Thursday, July 18, 2024

‘Moral responsibility’: Smiths Falls to mark National Day for Truth and Reconciliation with several events

The Town of Smiths Falls will hold several events for National Day of Truth and Reconciliation. – Town of Smiths Falls photo

Over the coming days, Town of Smiths Falls will recognize the cause of Truth and Reconciliation with several different events.

On Sept. 11, 2023, Mayor Shawn Pankow officially designated Sept. 30 as National Day for Truth and Reconciliation, also known as Orange Shirt Day. In observance of this significant occasion, the following events and gestures of solidarity are planned:

  1. Water tower Illumination: The Town of Smiths Falls’ iconic water tower will be bathed in orange light from Sept. 25 to Oct. 2
  2. Survivors’ Flag: The Survivors’ Flag will be raised at Lower Reach Park during the same period as a symbol of remembrance and respect
  3. Community Sunset Ceremony: On Sept. 30, the town will host a Community Sunset Ceremony to honour the day. This event will serve as an opportunity for the community to come together and reflect on the history and ongoing impacts of residential schools

“We acknowledge the traumatic history that Indigenous people in our nation have suffered and as Canadians, we all have a moral responsibility to enhance our understanding and our commitment to reconciliation,” said Mayor Shawn Pankow. “While truth and reconciliation is an all year commitment for us, we are honoured to be able to gather with the Indigenous community on National Day for Truth and Reconciliation, to publicly commemorate the painful history and ongoing impacts of residential schools.”

The Community Sunset Ceremony will commence at Centennial Park on Saturday, Sept. 30 at 7:15 p.m. A community walk to Duck Island, guided by Indigenous drumming from Betty Lou Kempt of the Métis Nation, will be a centrepiece of the evening.

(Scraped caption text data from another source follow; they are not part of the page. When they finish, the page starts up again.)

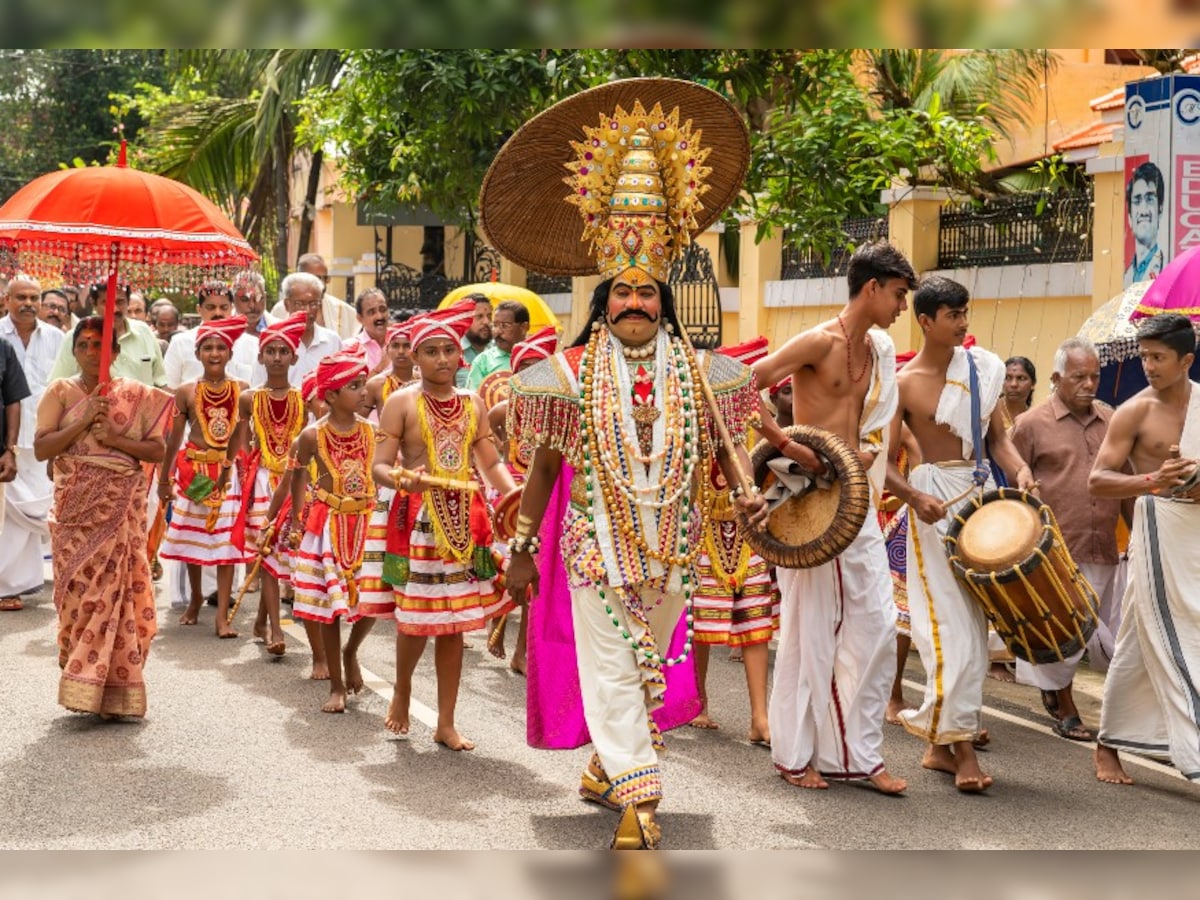 Onam 2022: Date, History, Significance and How Kerala Celebrates Its 10-day  Harvest Festival | See Images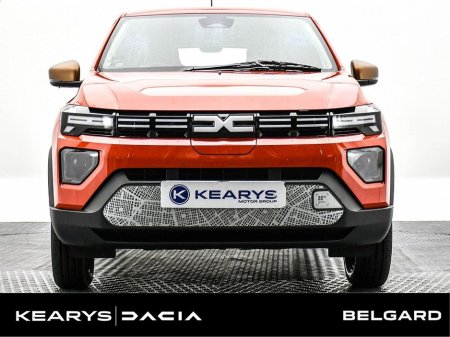 2026 Dacia Spring BEV 26.8kWh 65HP Expression DEMO €20,235 thumbnail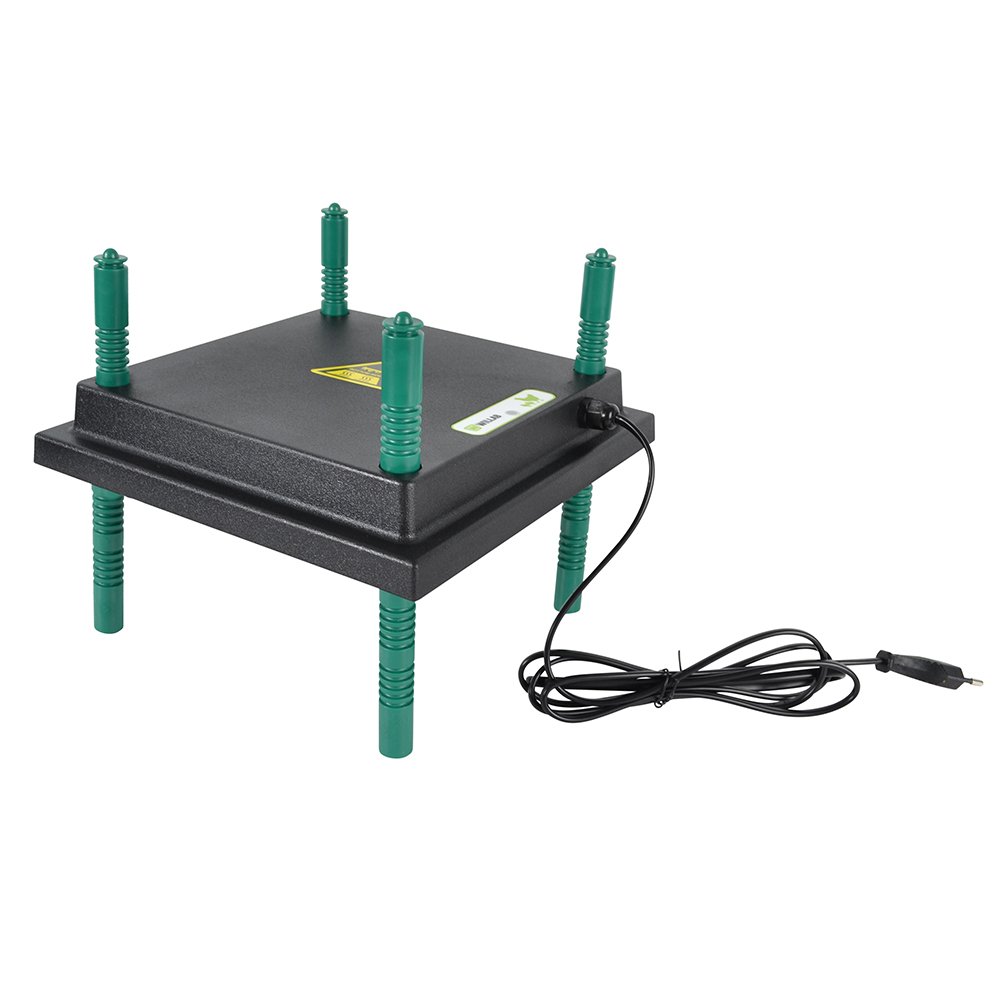 Värmetak Willab Kyckling 25x25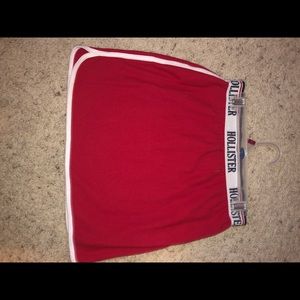 Hollister skirt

Glow sticks will be distributed to illuminate the walk, symbolizing unity and hope. Activities at Duck Island will include smudging by Francine Desjardins, a land acknowledgment and opening remarks by Mayor Shawn Pankow.

The event will feature guest speakers who will share their perspectives and experiences related to residential schools. Tim Bisaillon, a descendant of residential school survivors from the Indigenous community, will provide insight into his personal journey. Additionally, Bernard Nelson, a Residential School Survivor of the Pelican Lake Indian Residential School in Sioux Lookout, ON, will share his wisdom and experiences. Bernard is deeply connected to his Cree and Ojibway ancestry and is involved in various cultural and educational initiatives.

The ceremony will conclude with a touching performance by Smiths Falls’ own Flora Riley, who will present her newly recorded song titled “Our Indigenous Children.” Copies of the song will be available for purchase at the event for $10 each.

All members of the community and guests are warmly invited to participate in these events as a show of support for the Indigenous community in Smiths Falls and across Canada.